Price of traditional N×N switch=price of 2×2 switch×number of 2×2 cascaded switches. 
 
      The price of a new N×N switch constructed in accordance with the above described switch architecture may be defined as: 
 
Price of new N×N switch=2×price N×N slow switch+(price of 1×2 switch+price of multiplexer)×number of 1×2 switches used. 
 
      A N×N slow switch is relatively cheap, for example, currently around 5,000 Euros for a MEMS switch, thus the price of a N×N switch constructed in accordance with the above described switch architecture is mainly determined by the price of the fast switching fabric 1×2 switch. Assuming that for a given fast switching fabric, the price of a 1×2 switch is the same as a 2×2 switch (in fact it is even cheaper) it can be understood from table 1 that the new switch architecture is cheaper than the state of the art architecture for switching matrixes larger than 4×4. Moreover the price difference between the two architectures increases almost linearly with the size of the matrix.  

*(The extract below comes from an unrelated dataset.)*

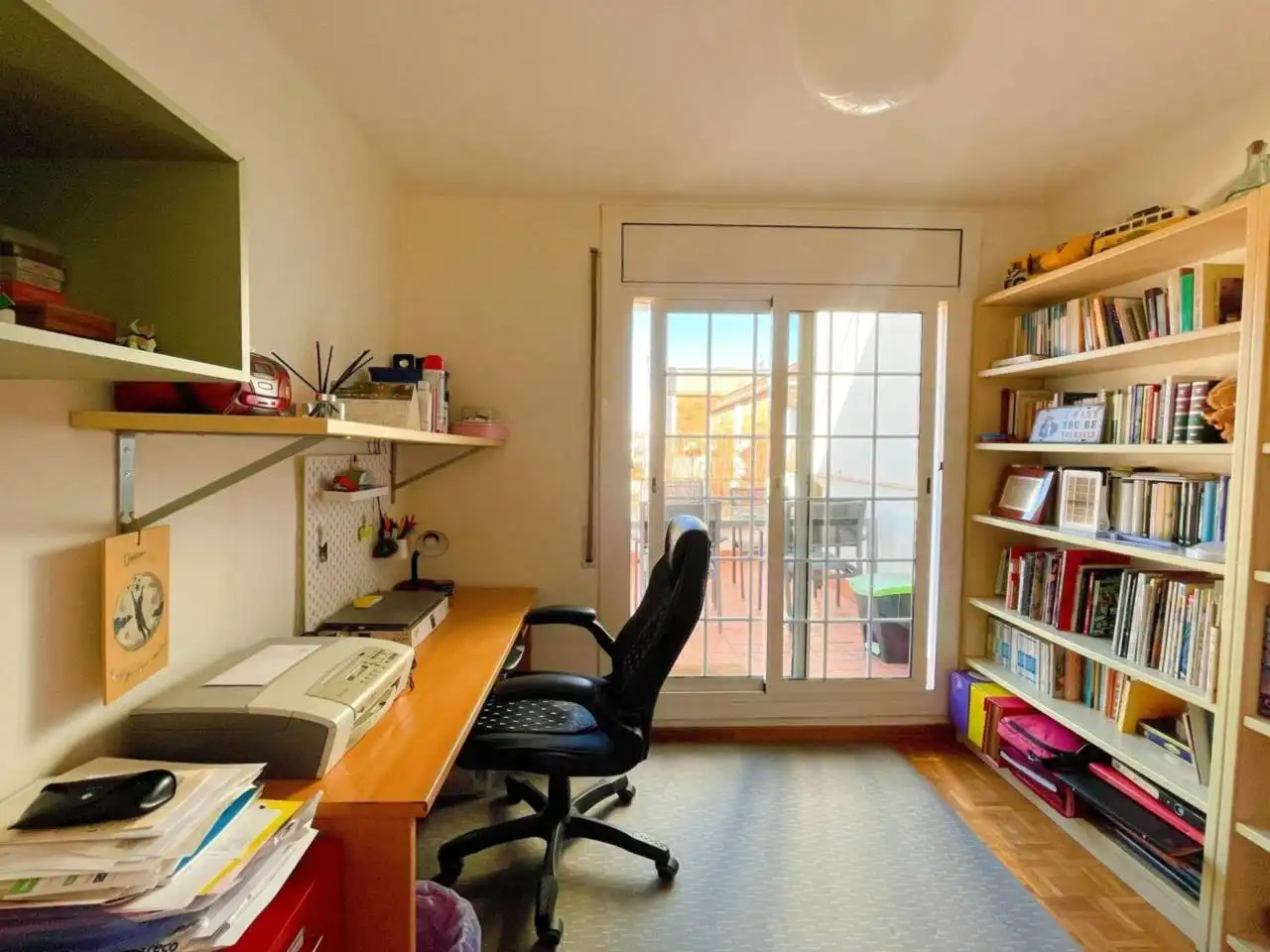 Schlafzimmer von Dachboden zum Verkauf in Cerdanyola del Vallès mit Klimaanlage, Heizung und Parkett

      The invention may be used in other types of optical networks, for example, Adaptive Path Switched Optical Networks of the type described in our co-pending application DE 10339039.1.  
      Having thus described the present invention by reference to preferred embodiments it is to be well understood that the embodiments in question are exemplary only and that modifications and variations such as will occur to those possessed of appropriate knowledge and skills may be made without departure from the scope of the invention as set forth in the appended claims.